The Angel of God locking up Satan ('L'ange enchaine le démon'), from: L'Apocalypse figurée

Details
JEAN DUVET (1485-1570)
The Angel of God locking up Satan ('L'ange enchaine le démon'), from: L'Apocalypse figurée
engraving
circa 1546-55
on laid paper, without watermark
a very fine, early impression of this extremely rare subject
printing darkly and strongly, with great sculptural quality and remarkable inky relief
with guidelines on the tablet at lower right
trimmed inside the platemark, with a fillet of blank paper almost all around
the sheet with restored paper losses and defects, backed
Sheet 301 x 215 mm.
来源
Christopher Mendez (1943-2025), London; then by descent to present owners.
Literature
Bersier 38; Eisler 59

Brought to you by

Stefano Franceschi
Stefano Franceschi Specialist

拍品专文

Jean Duvet's graphic oeuvre, created during the 1540-50s, coincides with the print production at the School of Fontainebleau. We can assume that Duvet, who worked as an engraver, goldsmith and festival designer in Burgundy and the North-East of France, was familiar with the etchings of Leon Davent, Antonio Fantuzzi and the other Fontainebleau etchers, yet he developed a peculiar style all of his own. His corpus of prints consists mainly of two series, one depicting a unicorn hunt on six horizontal plates, and a set of 23 arched, upright prints of the Apocalypse inspired by Albrecht Dürer's woodcut set of large-scale woodcuts on the subject created approximately forty years earlier (see lots 53-55).
Seemingly driven by a visual horror vacui, Duvet's treatment however is completely different, as he stacks multiple scenes on top of each other, and fills every inch of his plates, leaving barely any blank areas at all. As a result, the images are forcibly dense and the perspective distorted in favour of the storytelling. In the present plate, we see the Angel shown in three different moments of the story, chronologically narrated from top to bottom: in the upper edge of the composition, the Angel is given the key by God; at center, he beats Satan with the same key; in the foreground, he locks the demon - with a resigned, goofy expression - in the bottomless pit for a thousand years.
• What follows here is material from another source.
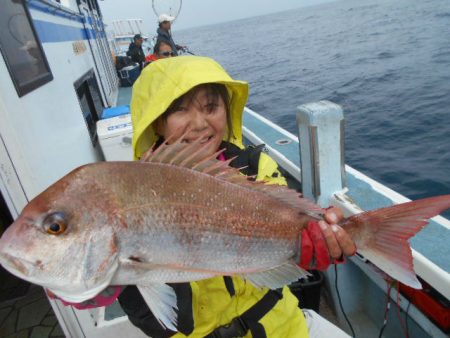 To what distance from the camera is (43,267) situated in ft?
3.97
Duvet's unique, somewhat cartoonish style, perhaps informed by his experience with metal ornaments and festive decorations, makes him one of the most idiosyncratic artists in the history of European printmaking. It can be assumed that Duvet's plates were printed in small numbers only, and only very few good, early impressions such as the present one have survived to this day. Although considerably restored, our sheet is of the utmost rarity. To our knowledge, no other has been offered at auction in the last thirty years.